[Records from a data collection]

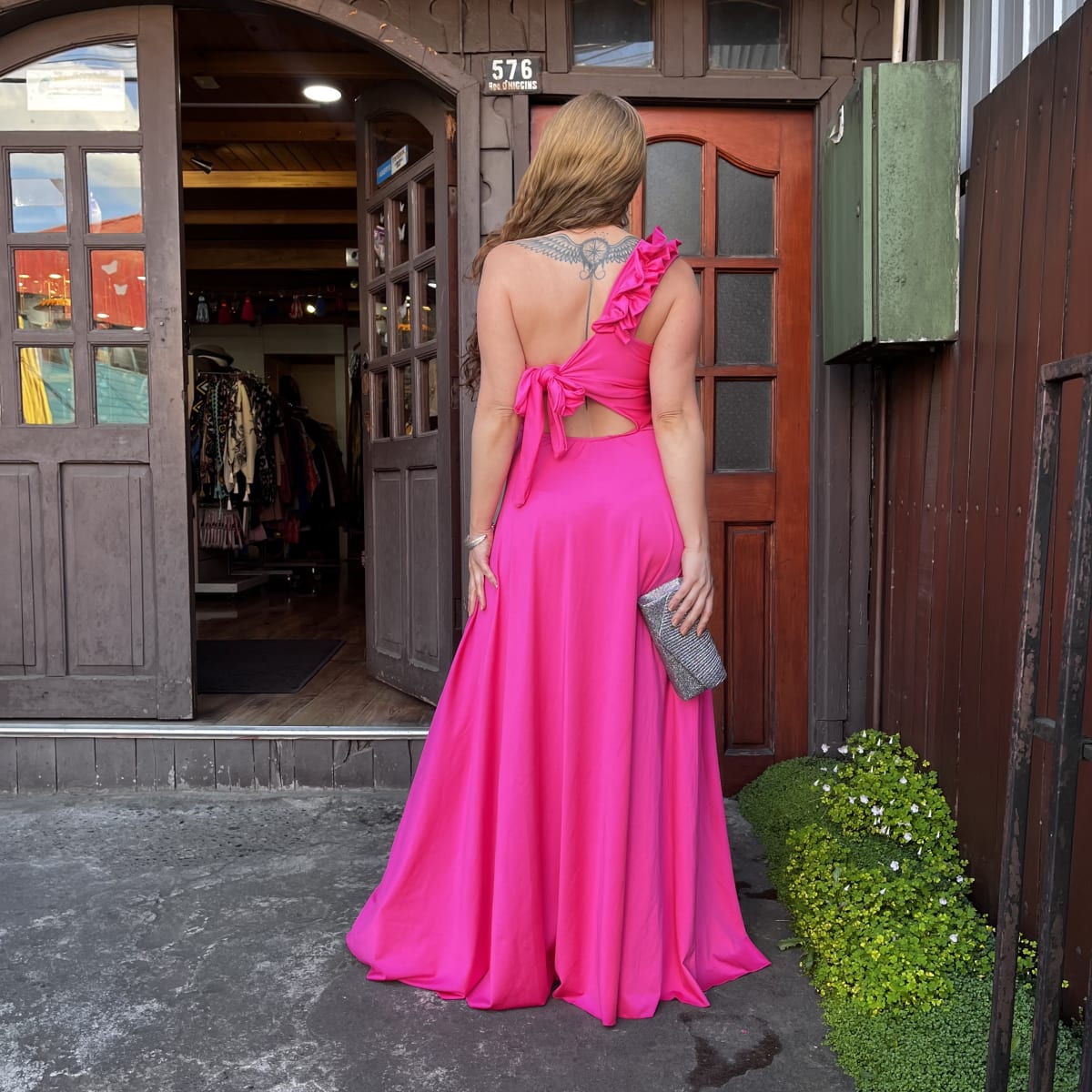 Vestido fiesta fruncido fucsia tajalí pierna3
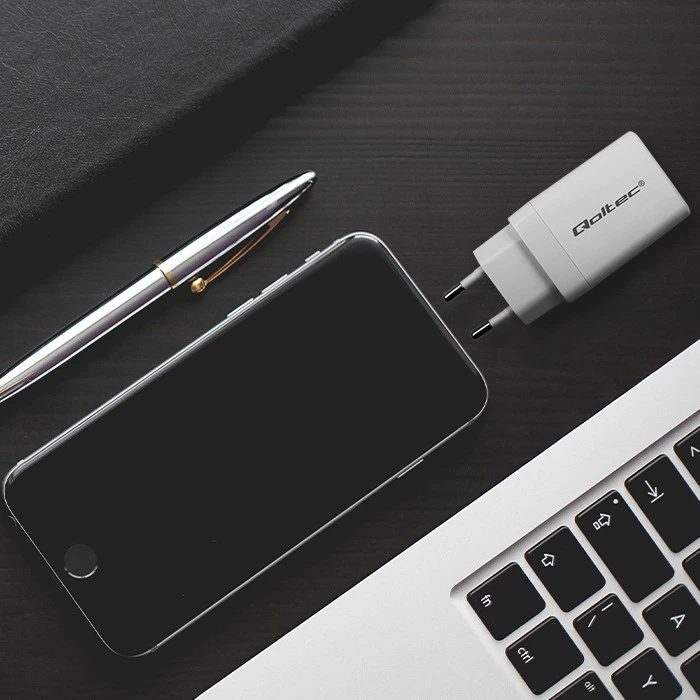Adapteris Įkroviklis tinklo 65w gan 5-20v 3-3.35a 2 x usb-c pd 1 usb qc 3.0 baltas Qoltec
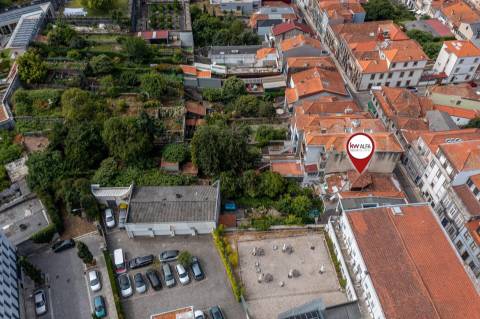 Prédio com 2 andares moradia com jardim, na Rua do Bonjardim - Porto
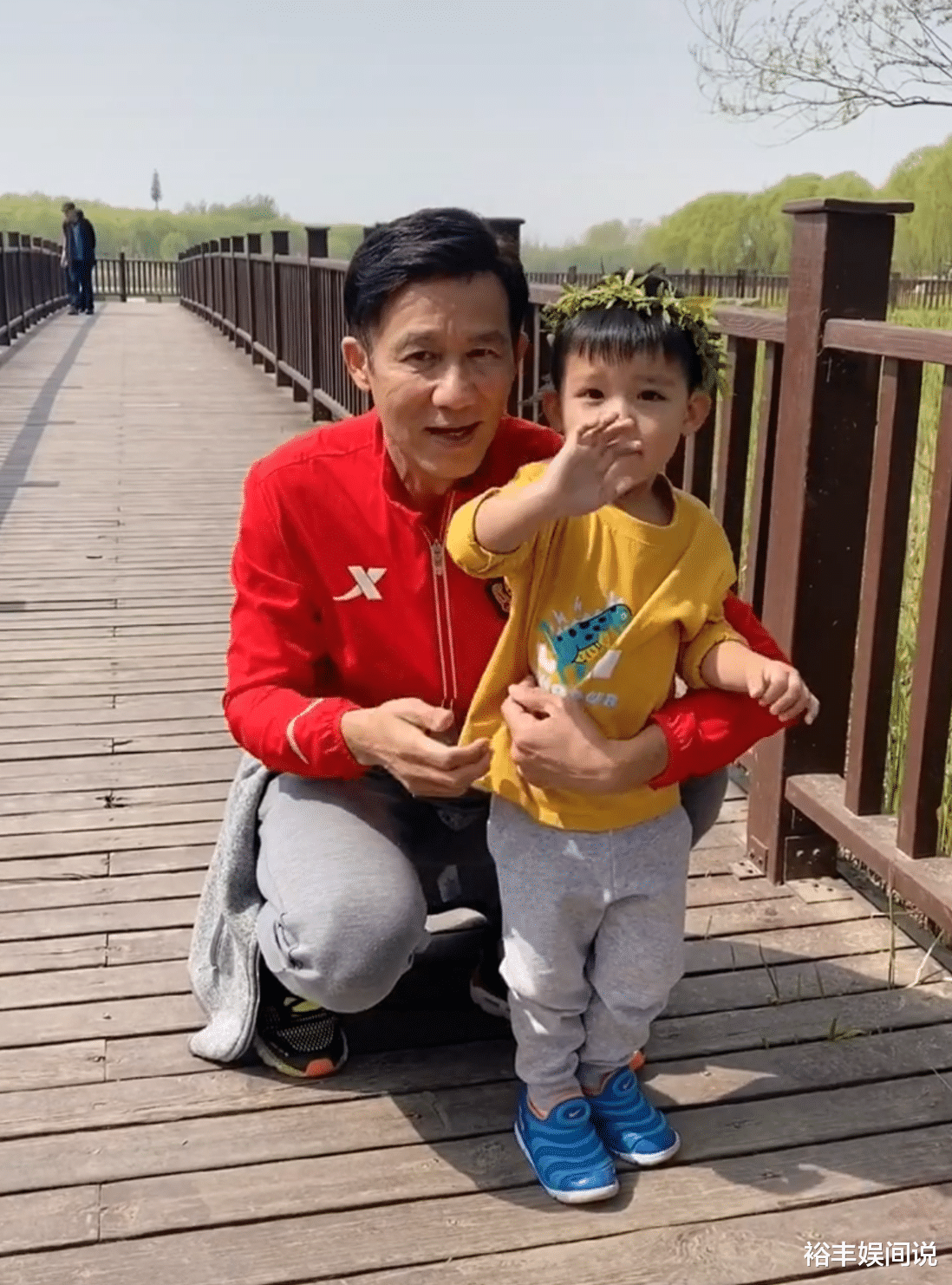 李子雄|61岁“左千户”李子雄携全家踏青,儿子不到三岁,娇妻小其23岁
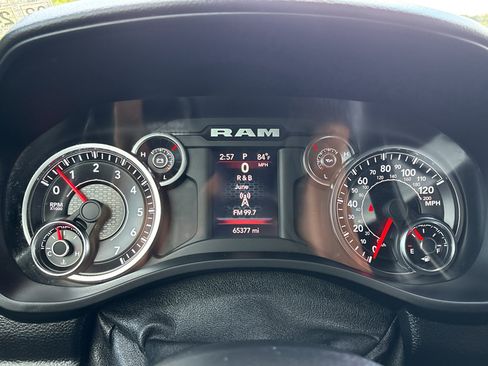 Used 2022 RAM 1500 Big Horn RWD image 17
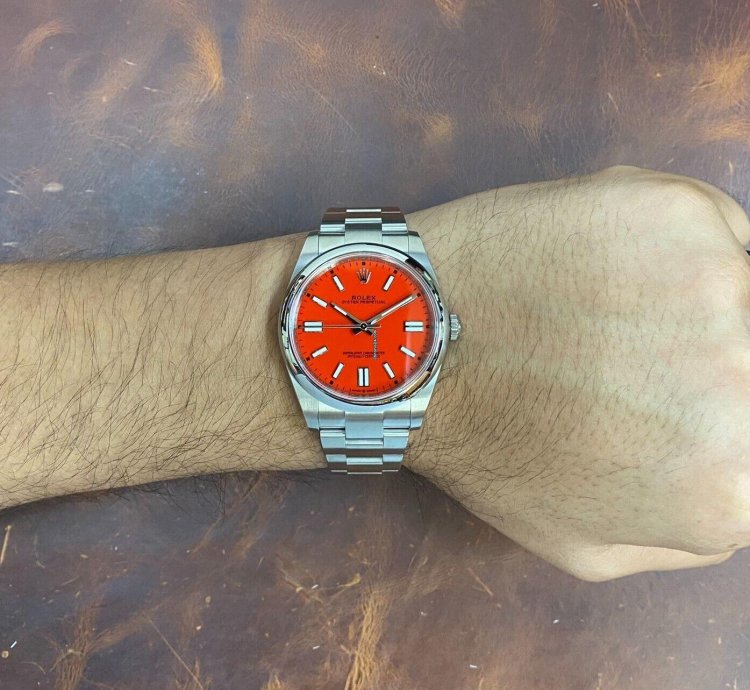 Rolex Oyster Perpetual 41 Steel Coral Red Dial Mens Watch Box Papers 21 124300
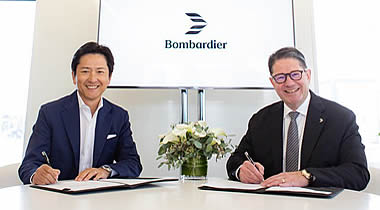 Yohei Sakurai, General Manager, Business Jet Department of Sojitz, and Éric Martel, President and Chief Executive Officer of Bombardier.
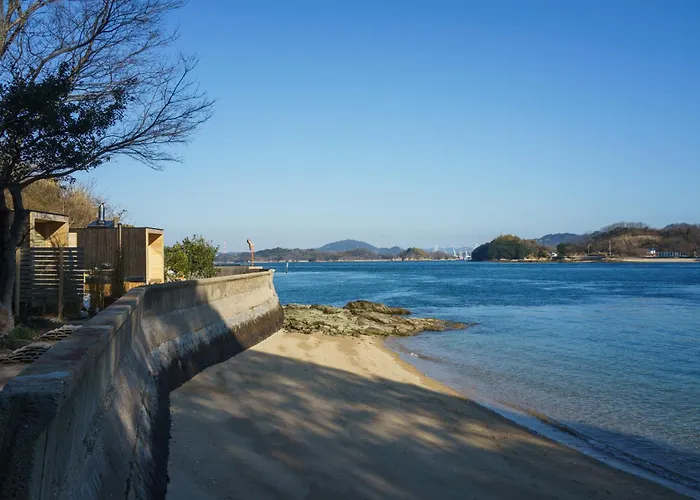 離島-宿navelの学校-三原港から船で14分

Task description:
Please retype the data exactly. The pictures do not go in.

Output for this task:
 Vestido fiesta fruncido fucsia tajalí pierna3
Adapteris Įkroviklis tinklo 65w gan 5-20v 3-3.35a 2 x usb-c pd 1 usb qc 3.0 baltas Qoltec
 Prédio com 2 andares moradia com jardim, na Rua do Bonjardim - Porto
 李子雄|61岁“左千户”李子雄携全家踏青,儿子不到三岁,娇妻小其23岁
 Used 2022 RAM 1500 Big Horn RWD image 17
 Rolex Oyster Perpetual 41 Steel Coral Red Dial Mens Watch Box Papers 21 124300
 Yohei Sakurai, General Manager, Business Jet Department of Sojitz, and Éric Martel, President and Chief Executive Officer of Bombardier.
 離島-宿navelの学校-三原港から船で14分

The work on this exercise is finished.